*Task prompt*. Would you retype the lines from the one that holds "this 250×188 image." to the final line of the entries below, both ends included and exactly as written, but without pictures?

○ ○ ○ ○ ○ ○ ○

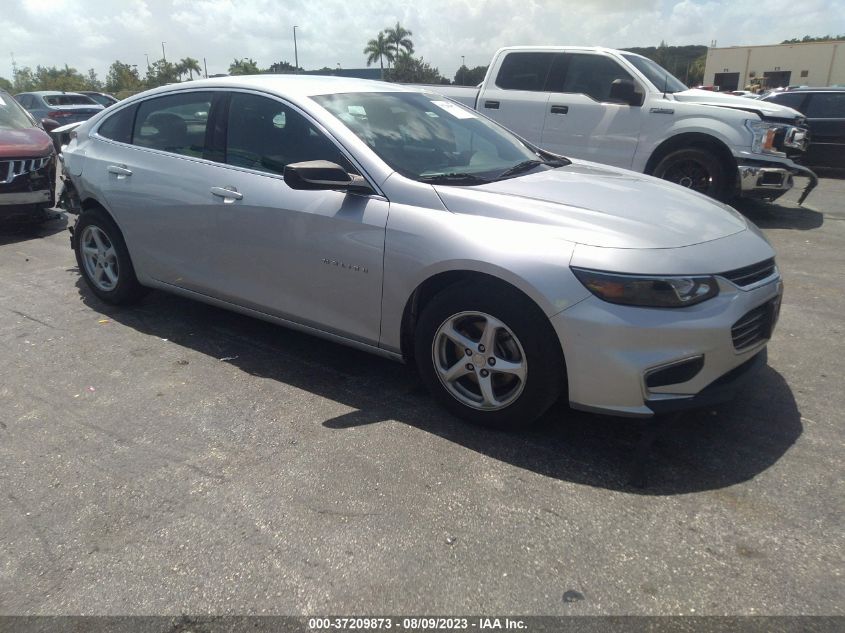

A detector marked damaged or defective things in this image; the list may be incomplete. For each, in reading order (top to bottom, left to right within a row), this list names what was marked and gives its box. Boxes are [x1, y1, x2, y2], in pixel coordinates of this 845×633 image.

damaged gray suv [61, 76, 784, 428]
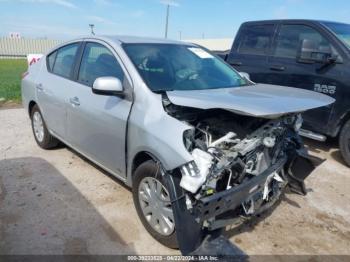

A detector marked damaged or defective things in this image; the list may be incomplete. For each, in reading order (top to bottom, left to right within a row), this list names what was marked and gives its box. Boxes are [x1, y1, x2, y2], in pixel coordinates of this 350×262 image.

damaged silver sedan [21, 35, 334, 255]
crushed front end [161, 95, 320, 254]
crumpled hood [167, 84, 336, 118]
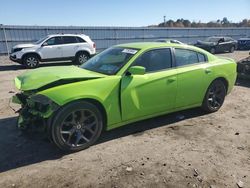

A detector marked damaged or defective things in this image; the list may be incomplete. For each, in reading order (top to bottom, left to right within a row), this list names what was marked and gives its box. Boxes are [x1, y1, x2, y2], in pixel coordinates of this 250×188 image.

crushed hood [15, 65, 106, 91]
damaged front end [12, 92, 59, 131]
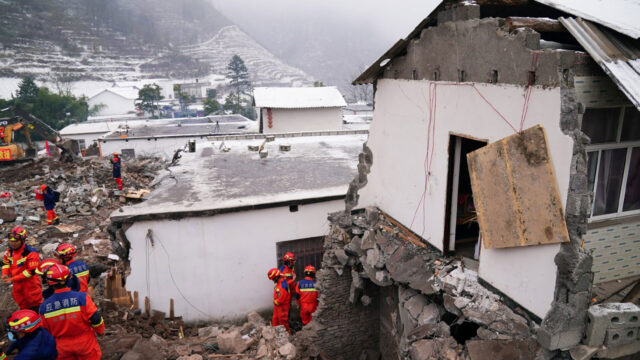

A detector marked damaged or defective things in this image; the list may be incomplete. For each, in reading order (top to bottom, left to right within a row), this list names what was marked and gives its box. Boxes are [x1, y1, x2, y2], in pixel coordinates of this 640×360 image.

○ ○ ○ ○ ○ ○ ○

*Response box*.
A detector marked damaged or defective things in this image; the list may be incomplete. For each, in reading order (top to bottom, left to right within a row), this list names what was marked and gives its box. Boxes are [x1, y1, x2, y2], in pixel coordinates of this 250×188 image.

crushed hood [15, 65, 106, 91]
damaged front end [12, 92, 59, 131]

A detector marked damaged or defective things in this image; the list may be incomplete. For each, in reading order (top to bottom, left to right within a row), this list names what was marked and gives its box. Boxes are [x1, y1, x2, y2], in pixel coordinates of this 640×360 image.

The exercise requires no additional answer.